In seinem Urteil hält der EGMR fest: „wenn Kollektivmaßnahmen ihr Ziel erreichen sollen, müssen sie unter Umständen in Binnenmarkfreiheiten eingreifen“ (Übersetzung aus dem Englischen TJ; für eine genauere Analyse des Urteils sei auf den Artikel von Professor Hans Petter Graver im Verfassungsblog verwiesen). Diese Sichtweise stellt das Viking-Urteil des EuGHs aus dem Jahr 2007 in Frage. Damals hatte die finnische Seefahrer Gewerkschaft das Unternehmen Viking Lines bestreikt, weil dieses die Fähre Rosella, die zwischen Finnland und Estland verkehrte, nach Estland ausflaggen wollte, um der Crew die viel niedrigeren estnischen Löhne zu zahlen. Der EuGH unterwarf in seinem Urteil die in internationalem und finnischem Recht verbrieften sozialen Grundrechten einem Abwägungsprozess mit der in Artikel 43 des damaligen EU-Vertrages festgeschriebenen Niederlassungsfreiheit für Unternehmen. Er kam zu dem Schluss, dass das EU-Recht von Unternehmen gegen gewerkschaftliche Grundrechte in Stellung gebracht werden kann.
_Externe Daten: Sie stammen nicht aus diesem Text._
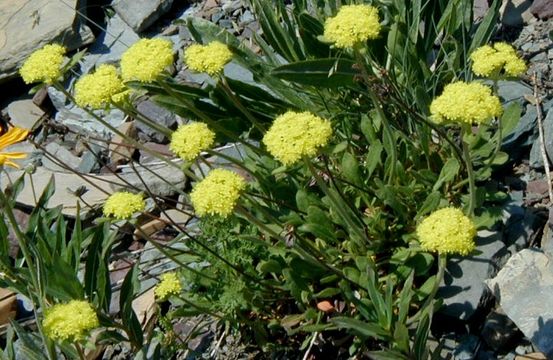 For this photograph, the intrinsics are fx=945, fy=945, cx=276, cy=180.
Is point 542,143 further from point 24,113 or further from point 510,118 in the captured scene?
point 24,113

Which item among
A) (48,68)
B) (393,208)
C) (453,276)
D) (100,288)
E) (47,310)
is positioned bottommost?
(453,276)

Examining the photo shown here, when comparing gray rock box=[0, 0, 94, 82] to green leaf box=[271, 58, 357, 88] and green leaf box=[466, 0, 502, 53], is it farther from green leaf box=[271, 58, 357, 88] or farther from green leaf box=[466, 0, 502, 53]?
green leaf box=[466, 0, 502, 53]

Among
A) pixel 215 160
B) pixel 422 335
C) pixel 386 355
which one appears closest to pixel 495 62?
pixel 422 335

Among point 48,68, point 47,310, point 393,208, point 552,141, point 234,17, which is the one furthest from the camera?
point 234,17

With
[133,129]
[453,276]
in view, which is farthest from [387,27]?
[133,129]

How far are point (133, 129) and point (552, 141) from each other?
8.39 feet

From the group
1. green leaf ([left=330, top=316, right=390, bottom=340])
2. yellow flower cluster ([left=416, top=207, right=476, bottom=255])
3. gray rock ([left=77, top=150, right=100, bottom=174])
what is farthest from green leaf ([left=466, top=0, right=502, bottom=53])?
gray rock ([left=77, top=150, right=100, bottom=174])

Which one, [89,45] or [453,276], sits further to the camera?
[89,45]

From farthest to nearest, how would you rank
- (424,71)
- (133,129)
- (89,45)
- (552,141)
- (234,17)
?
(89,45) → (234,17) → (133,129) → (424,71) → (552,141)

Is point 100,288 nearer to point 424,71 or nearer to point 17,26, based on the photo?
point 424,71

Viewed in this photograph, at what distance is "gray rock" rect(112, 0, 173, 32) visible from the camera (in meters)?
6.14

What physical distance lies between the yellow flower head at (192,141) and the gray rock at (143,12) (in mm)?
2927

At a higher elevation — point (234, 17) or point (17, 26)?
point (17, 26)

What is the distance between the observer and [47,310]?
131 inches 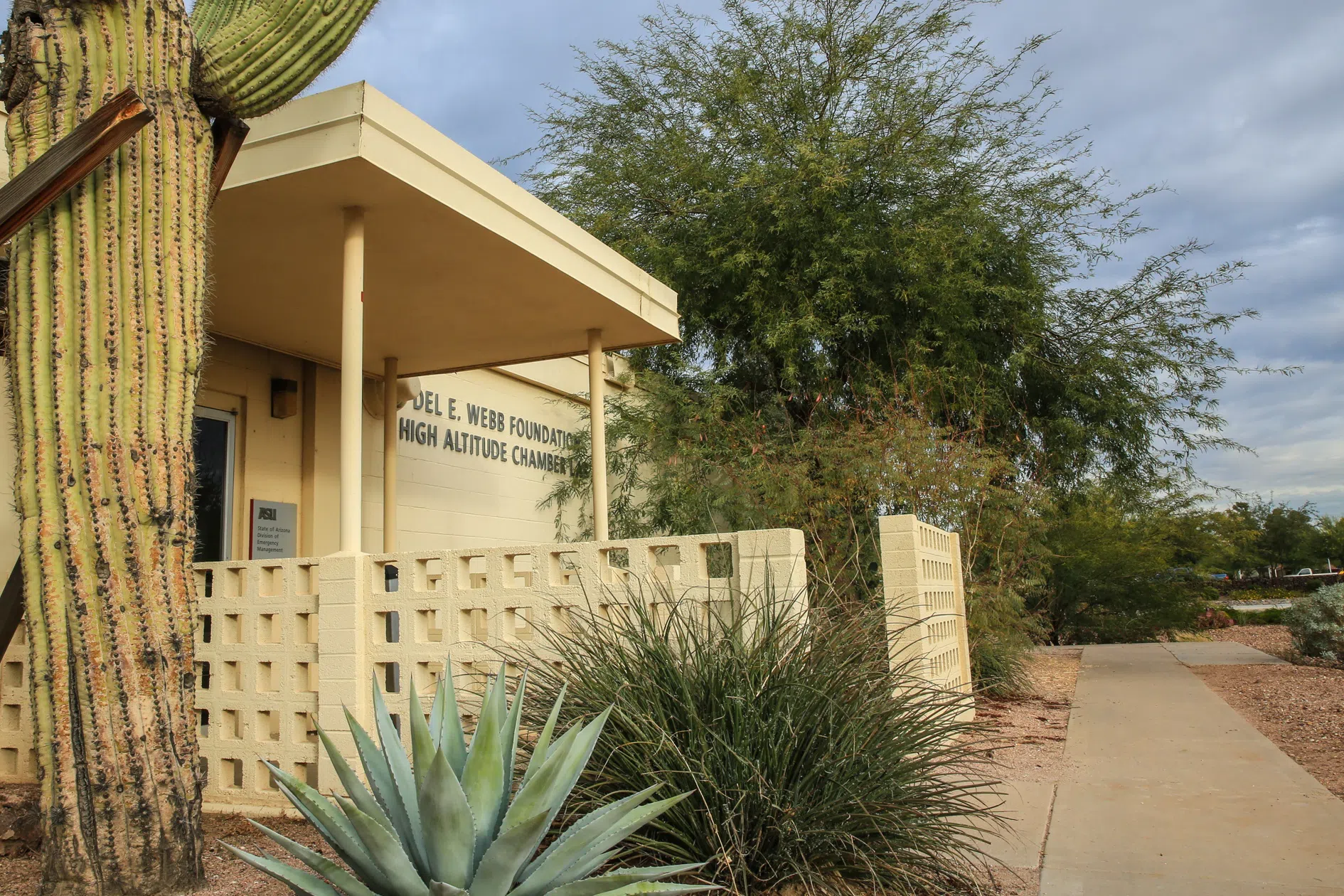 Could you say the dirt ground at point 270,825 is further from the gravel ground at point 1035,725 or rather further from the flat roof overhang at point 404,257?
the flat roof overhang at point 404,257

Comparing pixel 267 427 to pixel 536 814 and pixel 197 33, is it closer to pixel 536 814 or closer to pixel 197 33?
pixel 197 33

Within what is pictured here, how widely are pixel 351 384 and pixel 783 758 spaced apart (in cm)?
357

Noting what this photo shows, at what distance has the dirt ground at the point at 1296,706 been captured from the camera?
23.8 ft

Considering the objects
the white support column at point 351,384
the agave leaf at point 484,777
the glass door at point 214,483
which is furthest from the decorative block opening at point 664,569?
the glass door at point 214,483

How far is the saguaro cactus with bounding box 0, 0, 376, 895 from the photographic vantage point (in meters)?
3.99

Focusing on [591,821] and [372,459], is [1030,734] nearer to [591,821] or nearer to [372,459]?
[591,821]

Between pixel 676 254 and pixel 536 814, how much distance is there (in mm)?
12512

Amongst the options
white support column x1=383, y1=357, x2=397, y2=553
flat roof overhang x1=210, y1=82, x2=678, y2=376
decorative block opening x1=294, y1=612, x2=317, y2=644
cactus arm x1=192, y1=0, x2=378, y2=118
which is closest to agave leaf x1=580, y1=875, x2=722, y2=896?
decorative block opening x1=294, y1=612, x2=317, y2=644

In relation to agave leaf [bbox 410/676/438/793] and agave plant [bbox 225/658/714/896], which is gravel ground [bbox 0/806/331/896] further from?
agave leaf [bbox 410/676/438/793]

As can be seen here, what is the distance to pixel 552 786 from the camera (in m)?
2.98

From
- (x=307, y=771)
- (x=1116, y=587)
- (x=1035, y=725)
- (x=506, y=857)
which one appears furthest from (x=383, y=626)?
(x=1116, y=587)

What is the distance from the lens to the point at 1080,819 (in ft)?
17.9

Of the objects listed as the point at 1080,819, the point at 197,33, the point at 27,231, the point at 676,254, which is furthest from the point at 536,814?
the point at 676,254

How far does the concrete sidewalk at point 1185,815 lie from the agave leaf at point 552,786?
2.19m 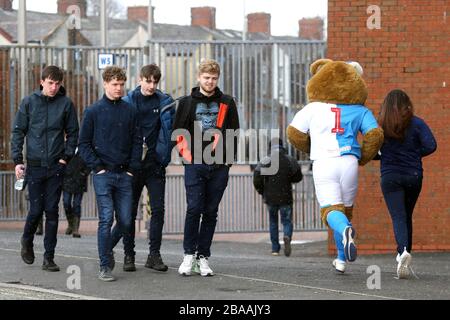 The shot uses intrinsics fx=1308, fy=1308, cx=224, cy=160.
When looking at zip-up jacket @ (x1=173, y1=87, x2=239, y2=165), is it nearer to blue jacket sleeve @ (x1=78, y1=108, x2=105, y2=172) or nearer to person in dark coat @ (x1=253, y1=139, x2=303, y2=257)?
blue jacket sleeve @ (x1=78, y1=108, x2=105, y2=172)

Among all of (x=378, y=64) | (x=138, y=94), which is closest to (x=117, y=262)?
(x=138, y=94)

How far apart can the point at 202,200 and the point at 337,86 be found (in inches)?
63.0

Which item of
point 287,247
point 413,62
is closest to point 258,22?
point 287,247

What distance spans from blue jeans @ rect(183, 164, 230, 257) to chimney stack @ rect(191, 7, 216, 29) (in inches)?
3272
Weil das EGMR-Urteil mit Norwegen ein EWR- und kein EU-Mitglied betrifft, hat es keine unmittelbare Auswirkung auf die Auslegung geltenden EU-Rechts. Dennoch ist es ein wichtiger Bezugspunkt in den Auseinandersetzungen um den Schutz der sozialen Grundrechte im EU-Binnenmarkt. Im Rahmen der Konferenz zur Zukunft Europas haben die europäischen Gewerkschaften erneut ihre Forderung vorgebracht, eine sozialen Fortschrittklausel in den EU-Verträgen zu verankern.